● Exercise instructions:
Return exactly the lines of the data below, from the one that contains "Sgabello Rolser M10 Pieghevole UNE" through the final line, and leave out every picture.
** Material provided follows **
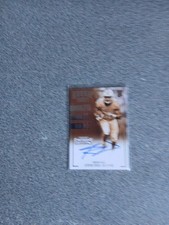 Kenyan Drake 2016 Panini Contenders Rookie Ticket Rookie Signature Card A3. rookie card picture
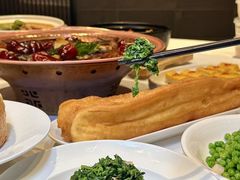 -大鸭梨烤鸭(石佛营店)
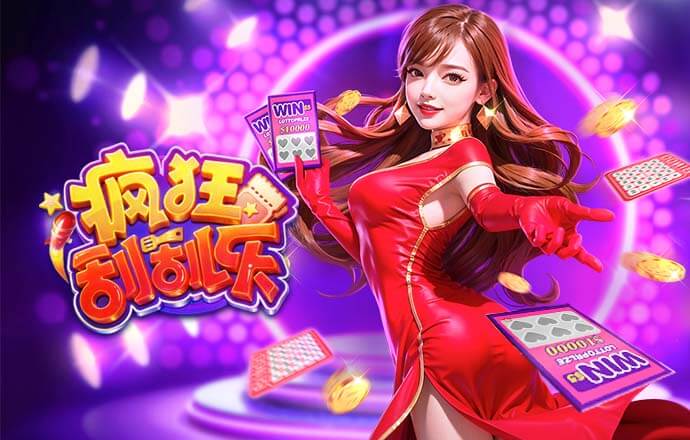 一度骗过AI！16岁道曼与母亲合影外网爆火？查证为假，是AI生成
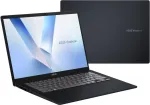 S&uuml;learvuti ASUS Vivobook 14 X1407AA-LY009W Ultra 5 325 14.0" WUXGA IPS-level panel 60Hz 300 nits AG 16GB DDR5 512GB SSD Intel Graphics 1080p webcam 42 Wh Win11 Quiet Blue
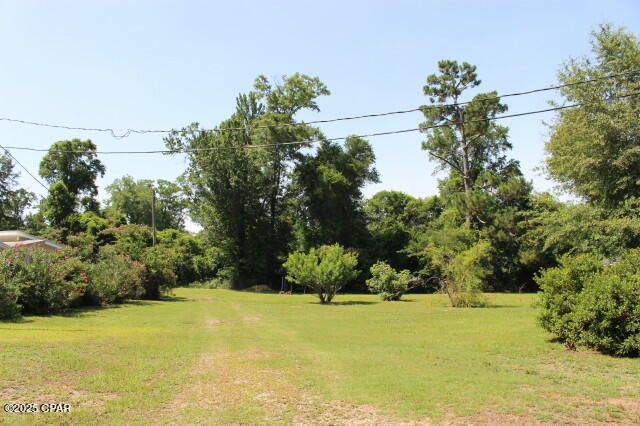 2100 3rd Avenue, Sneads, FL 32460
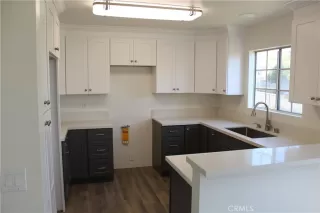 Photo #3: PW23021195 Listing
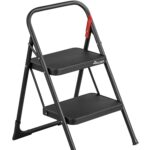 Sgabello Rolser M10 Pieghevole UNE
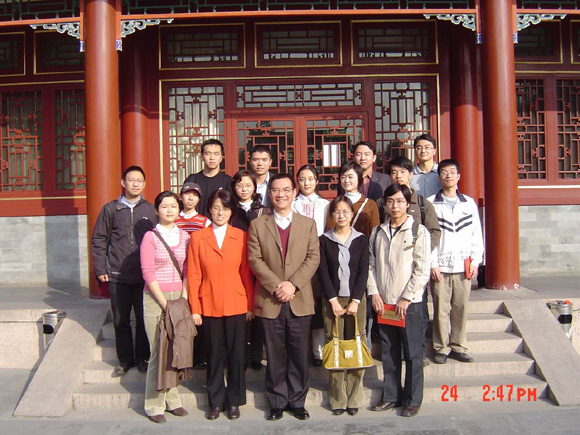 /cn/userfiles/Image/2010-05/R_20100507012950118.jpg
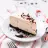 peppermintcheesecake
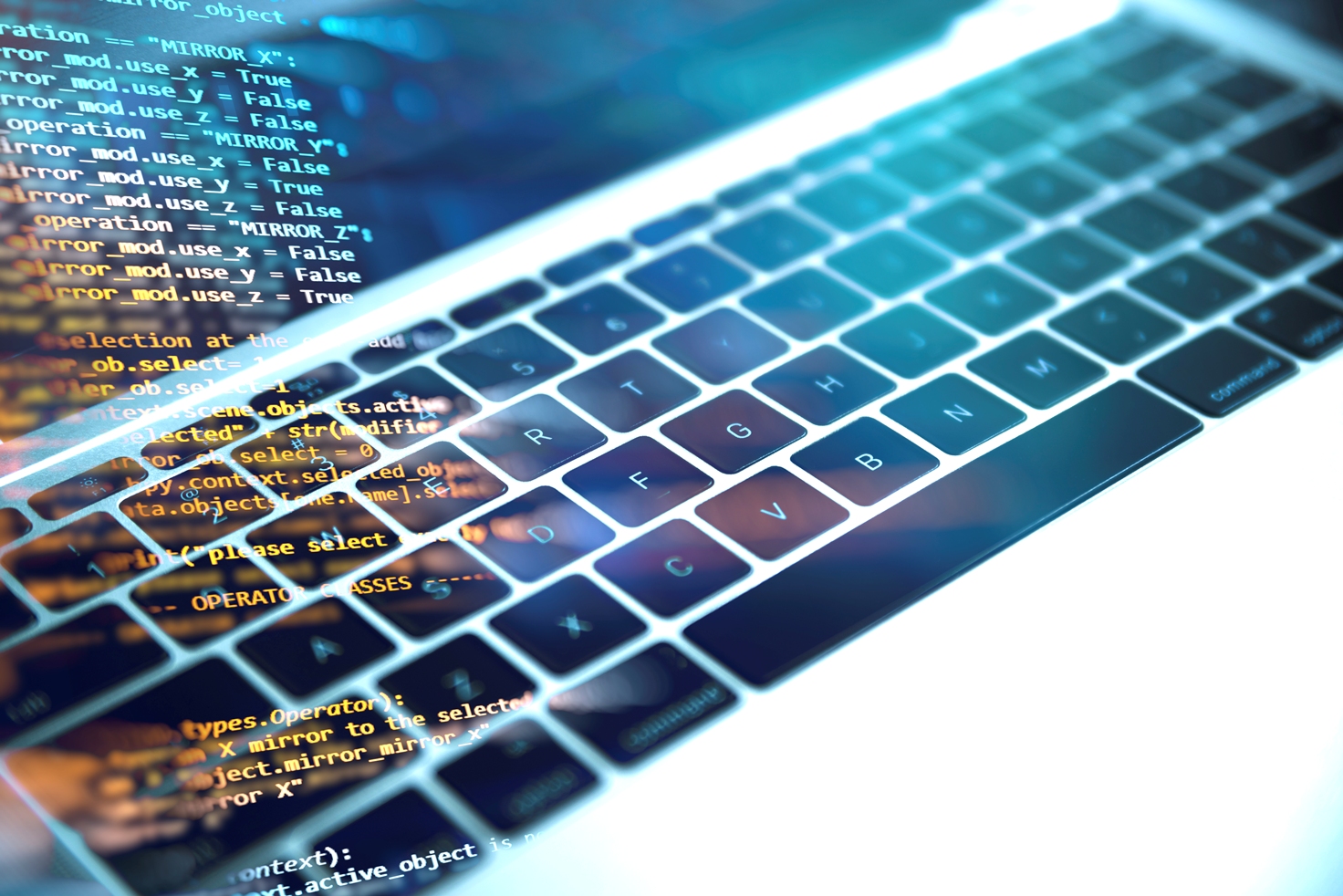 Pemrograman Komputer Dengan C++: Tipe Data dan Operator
** End of Material provided **
● Exercise solution:
 Sgabello Rolser M10 Pieghevole UNE
 /cn/userfiles/Image/2010-05/R_20100507012950118.jpg
 peppermintcheesecake
 Pemrograman Komputer Dengan C++: Tipe Data dan Operator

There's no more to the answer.